Mercier, Camier & Isidore

Schibboleth

à propos du livre de Jacques Derrida pour Paul Celan

Einmal, une fois. L’évènement n’a lieu qu’une fois. Cependant, la date rend à l’impossible répétition qu’est l’évènement son inscription. 20 janvier : en tout poème il est un 20 janvier qui provoque le poème. Ainsi le poème commence à se blesser. Cette blessure vers la poésie ne mène nulle part. Elle chemine. Sur le non-répétable, lui – Lenz – que je suis s’achemine vers le nulle part. Lui, Lenz, Personne. Puisque toute solitude aspire à une présence, le seul, singularité que la date vient marquer comme don de la lettre, se tient dans le secret de la rencontre.

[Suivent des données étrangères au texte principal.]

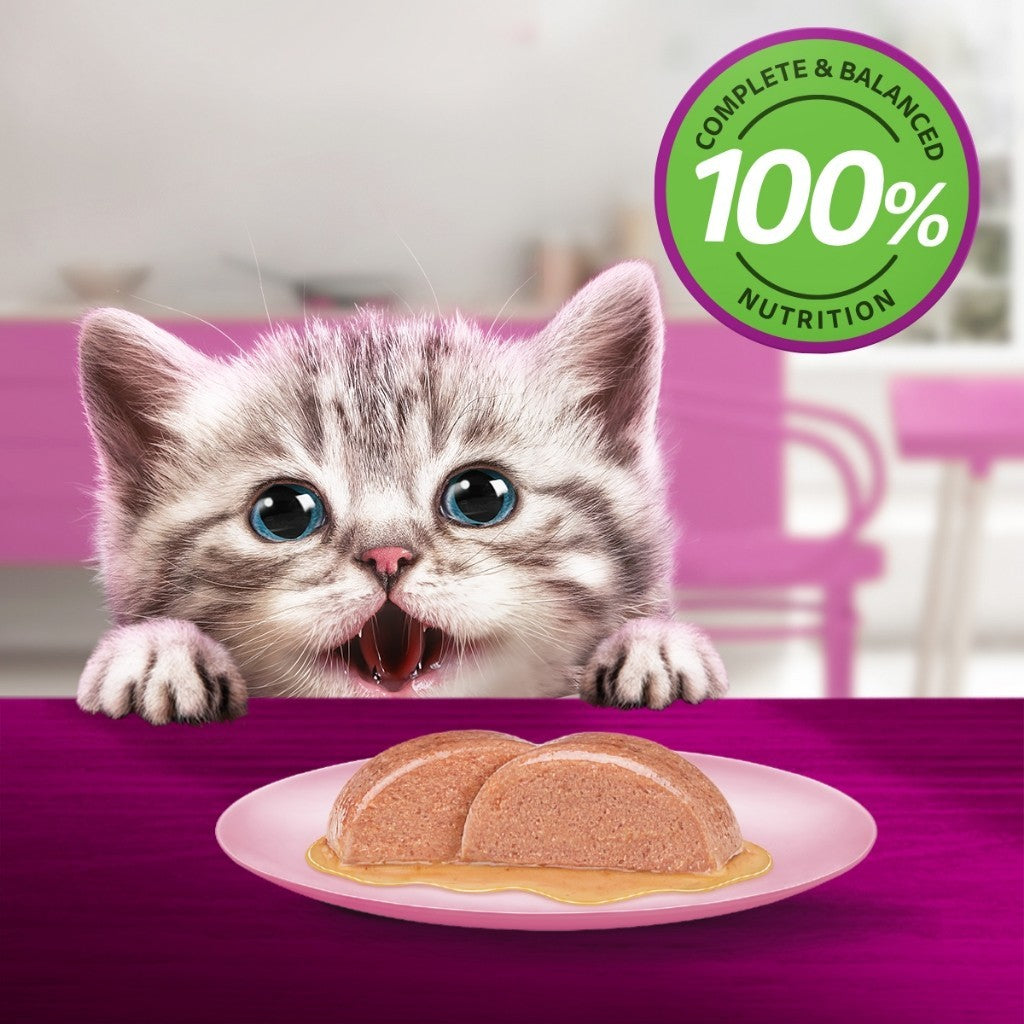Whiskas Pouch Wet Cat Food For Junior Cat Tuna / Mackerel / Chicken / Salmon 80g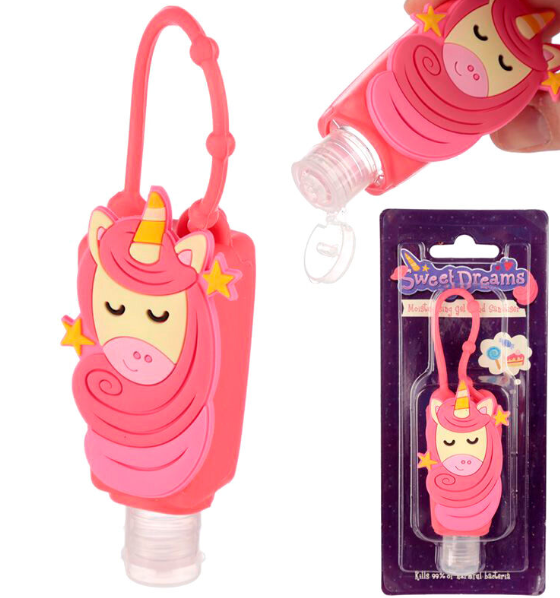 Envase Gel hidroalcoholico rellenable Unicornio / Nadie sin regalo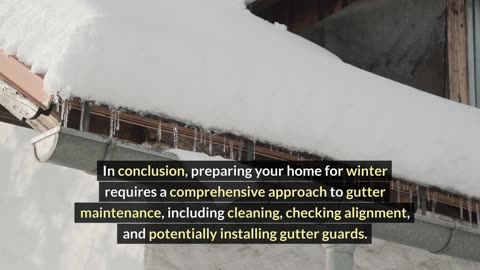 Should You Clean Your Gutters in Winter?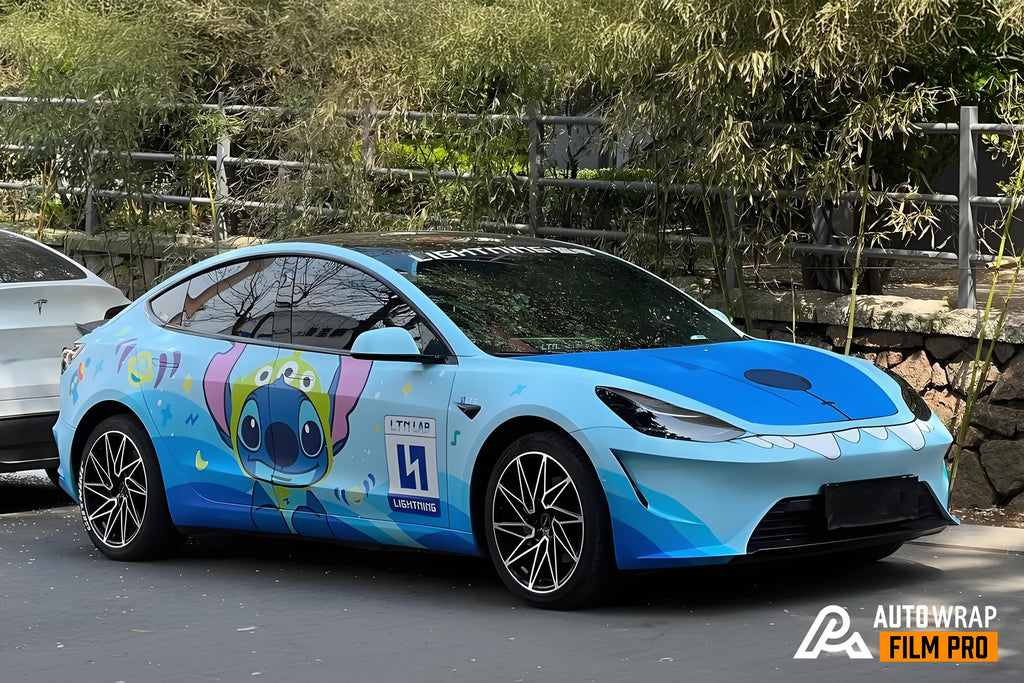 Stitch Full Size Car Wrap [UW-39]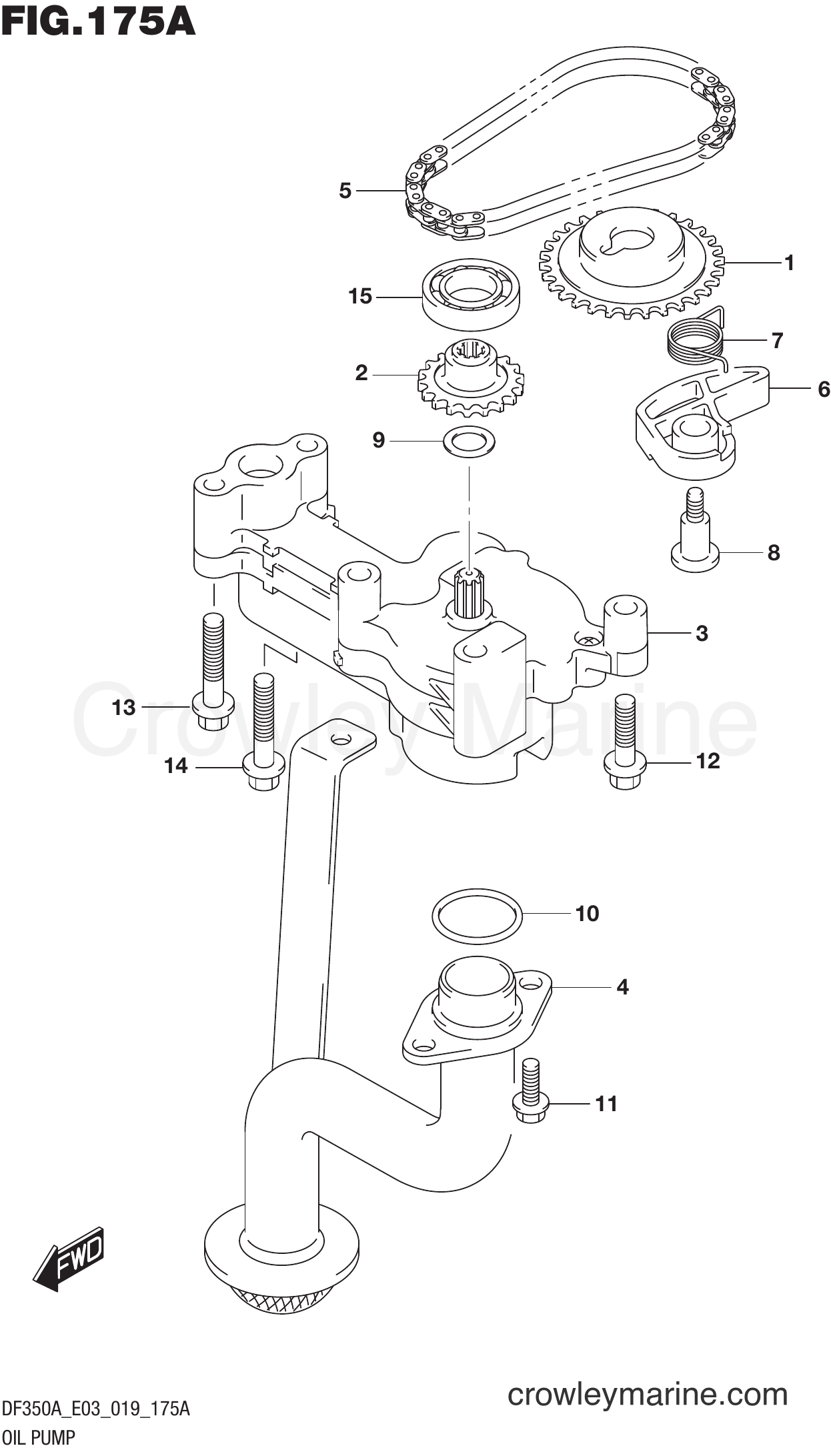 Suzuki Marine DF350A 910001~ - OIL PUMP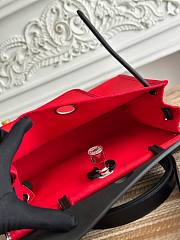 Fortok Hermès Herbag Zip bag in canvas Red 31cm - 5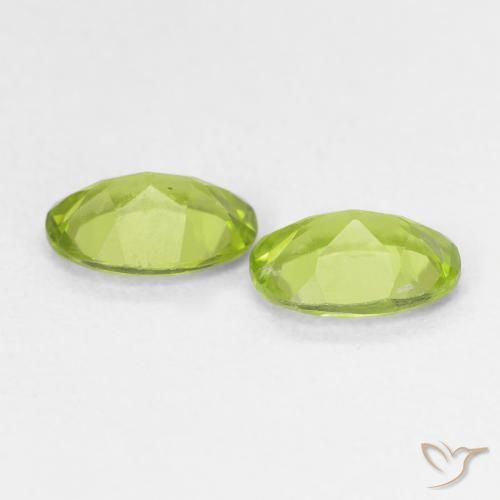 Gemas de Peridoto Verde vivo claro natural de 1.49 ct, Ovalada, VS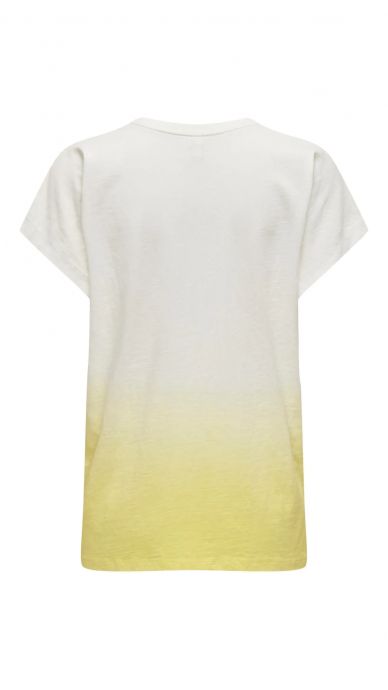 Women's colored cotton T-shirt - ONLY 2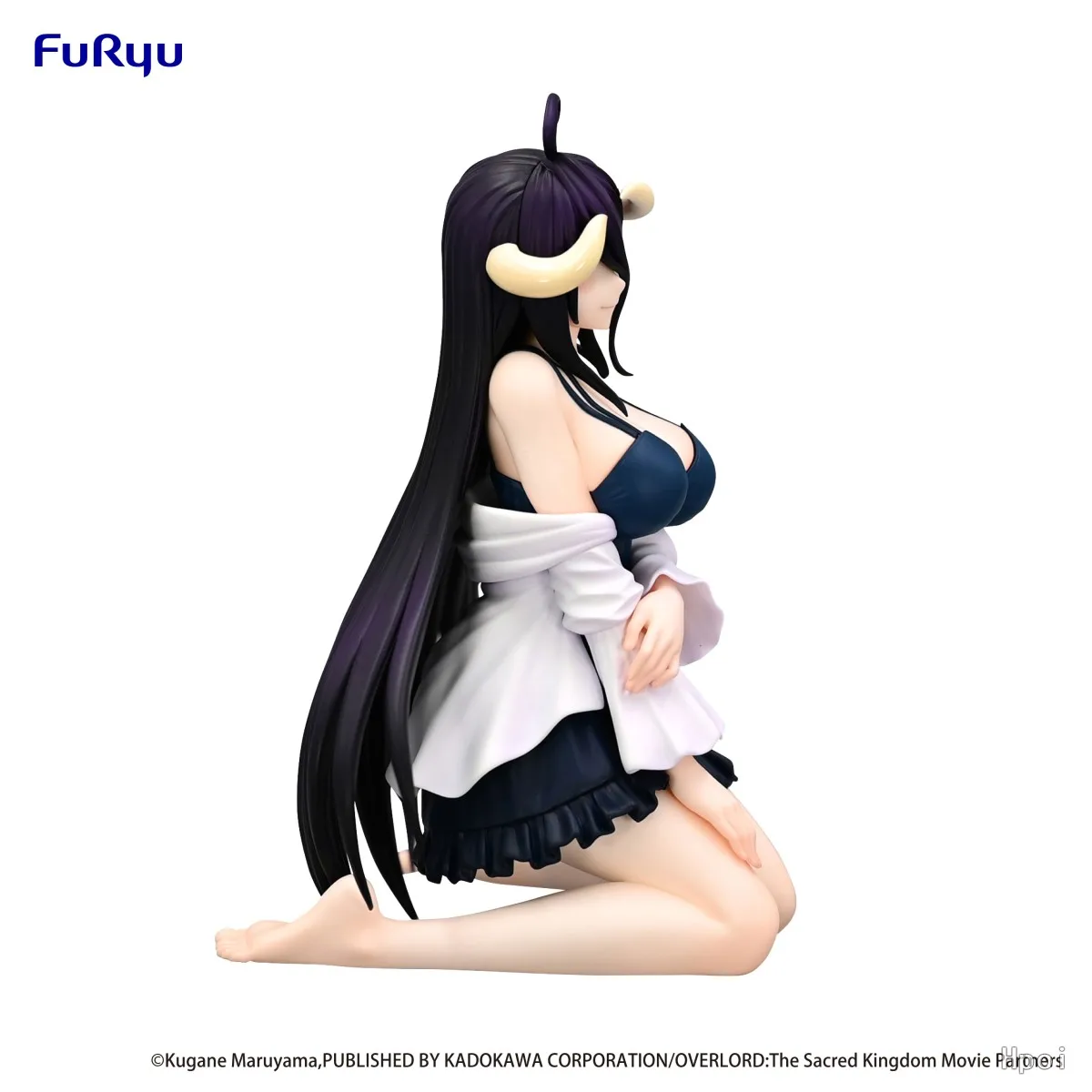 Anime 12cm Overlord Albedo Loungewear figurine bouchon de nouilles Figure nouveau pyjama tenue PVC Collection modèle poupée jouets
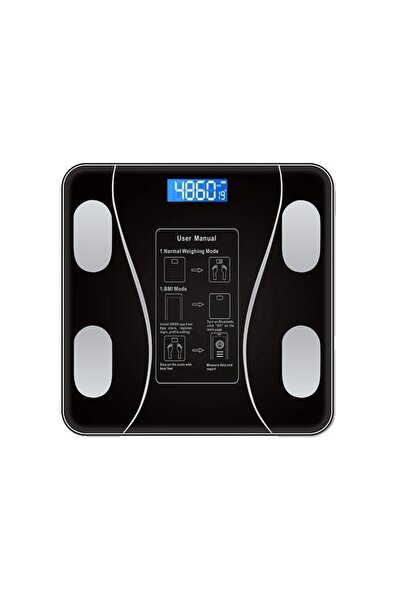 OEM Digital Body Weight Scale, Smart Wireless Connectivity, Black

La date est une hypothèse, une projection de mémoire. Vers un futur antérieur. Date, des dates : celle de Personne. Pour passer de seuil en seuil, d’une date l’autre il faut savoir faire la différence. Cette différence se tient en soi, dans la langue, dans la date. Il ne suffit pas de savoir la différence, il faut savoir la faire. Le poème, comme un schibboleth, consigne en lui énigme et mémoire. Mémoire, dates qui nécessitent le « savoir faire le pas ». Mémoire, immensément discrète : bénédiction de ce qui reste d’elle, de ses cendres, de ses spectres qui ne reviendront jamais et qui, pourtant, se rendent au poème comme son exil. L’anneau, multiple, et non pas l’alliance, l’Un. L’énigme quant à elle, « Leur – énigme cela, qui est pur jaillissement », n’est plus tenue par l’Être mais par Personne, Chiffrage des chiffres.